# Predicting Tweet Sentiments

Goal of this competition: Building a model for Text Classification using Natural Language Processing. In other words, predicting which tweets are POSITIVE, NEGATIVE or NEUTRAL in the test set. This is a supervised learning problem, as the labels, "sentiment_class" were provided in the train.csv dataset. The performance of the model was evaluated using the following metric:
100*f1_score(actual_values, predicted_values, average='weighted').

The approach I had adopted was that of an ensemble model. I trained the Random Forests, Decision Trees, Extra Trees and Gradient Boosting Classifiers with the best possible parameters (that were fitted on the train set using GridSearchCV approach). Finally, used Max Voting technique to get the final_prediction that were made on the test set. Moreover, for the majority of the model I had used scikit-learn to develop it.

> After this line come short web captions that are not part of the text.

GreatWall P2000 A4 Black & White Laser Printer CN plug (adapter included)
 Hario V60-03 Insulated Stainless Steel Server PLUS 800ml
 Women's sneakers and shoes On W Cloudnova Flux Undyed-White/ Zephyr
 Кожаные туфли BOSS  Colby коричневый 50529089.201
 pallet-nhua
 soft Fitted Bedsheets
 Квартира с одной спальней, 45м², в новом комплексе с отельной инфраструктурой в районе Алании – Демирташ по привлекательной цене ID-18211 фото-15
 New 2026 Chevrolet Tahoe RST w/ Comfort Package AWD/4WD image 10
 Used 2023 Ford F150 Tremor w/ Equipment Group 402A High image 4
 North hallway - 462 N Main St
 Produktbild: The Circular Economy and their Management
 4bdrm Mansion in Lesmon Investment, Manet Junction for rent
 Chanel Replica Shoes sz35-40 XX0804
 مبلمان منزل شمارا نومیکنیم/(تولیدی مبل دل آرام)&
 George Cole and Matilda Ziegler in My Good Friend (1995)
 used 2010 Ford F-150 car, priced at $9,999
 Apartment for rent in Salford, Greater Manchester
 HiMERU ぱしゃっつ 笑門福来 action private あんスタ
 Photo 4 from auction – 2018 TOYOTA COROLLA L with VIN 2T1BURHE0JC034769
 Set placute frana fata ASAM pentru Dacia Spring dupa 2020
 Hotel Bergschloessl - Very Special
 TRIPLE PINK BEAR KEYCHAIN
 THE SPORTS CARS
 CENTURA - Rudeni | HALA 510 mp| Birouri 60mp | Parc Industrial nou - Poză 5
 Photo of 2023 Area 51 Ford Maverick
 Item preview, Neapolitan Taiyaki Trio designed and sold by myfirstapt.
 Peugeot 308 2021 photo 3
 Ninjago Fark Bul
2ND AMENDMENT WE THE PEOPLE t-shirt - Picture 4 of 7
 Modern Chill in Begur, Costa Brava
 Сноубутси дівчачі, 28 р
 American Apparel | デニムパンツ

Let's dive into code. We were provided with these two datasets, namely, train.csv and test.csv. Let's load them and take our first glance at the datasets.

In [None]:
# importing libraries

import pandas as pd
import pandas_profiling
from pandas_profiling import ProfileReport
import numpy as np
import nltk
from nltk.corpus import stopwords
from nltk.tokenize import word_tokenize
import string
import re
from matplotlib import pyplot as plt
import seaborn as seab
from sklearn.feature_extraction.text import TfidfVectorizer
from sklearn.ensemble import RandomForestClassifier, ExtraTreesClassifier, GradientBoostingClassifier, VotingClassifier
from sklearn.tree import DecisionTreeClassifier
from sklearn.model_selection import GridSearchCV

# Import the train and test csv files
pd.set_option('display.max_colwidth', 100)   #to display 100 charactors in each column
train_data = pd.read_csv(r'D:\jobs\A! Hackathon\Mothers_Day\dataset\train.csv')
test_data = pd.read_csv(r'D:\jobs\A! Hackathon\Mothers_Day\dataset\test.csv')
train_data.head()

## Exploratory Data Analysis (EDA)

The first step for creating an ML model is exploring the given datasets (train.csv and test.csv). This is a crucial step.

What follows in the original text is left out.